Image Credit: beachreadsbysteph
I was grinning so hard reading this, just because of your singular writing/thinking!! I actually haven't read any of Monaghan's books, but I randomly saw her on a Zoom call organized by a fellow Substacker recently lol?? so there's a probably a decent chance she COULD see your ideas (which I love, my vote is for the marriage story first!). Your comments about women and work (particularly when that work is creative/intellectual) made me think of something Ava DuVernay does in her film ORIGIN (Not a romance to be sure lol). The scenes where Isabel Wilkerson works on her book are layered with swelling, orchestral music. Elif Batuman wrote a Substack post calling out those scenes, saying how the act of writing, researching, working was elevated to the level of detective work in a mystery, worthy of our complete attention. The making of the Thing IS the plot which we rarely see with women doing work, creative or otherwise. Anyway, AMAZING piece as usual!

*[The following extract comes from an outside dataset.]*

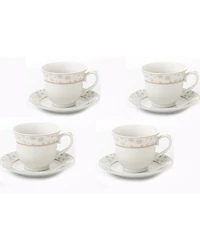 Lorren Home Trends Floral Tea and Coffee Set, 8 Piece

Rena, your writing has that rare mix of sharp intellect and emotional precision—it’s like having a glass of wine with the smartest woman in the room, who also happens to know exactly how a good story should feel. You don’t just analyze romance novels—you elevate the conversation around them. I find myself nodding and laughing.
Thank you for treating this genre with the nuance, humor, and respect it deserves.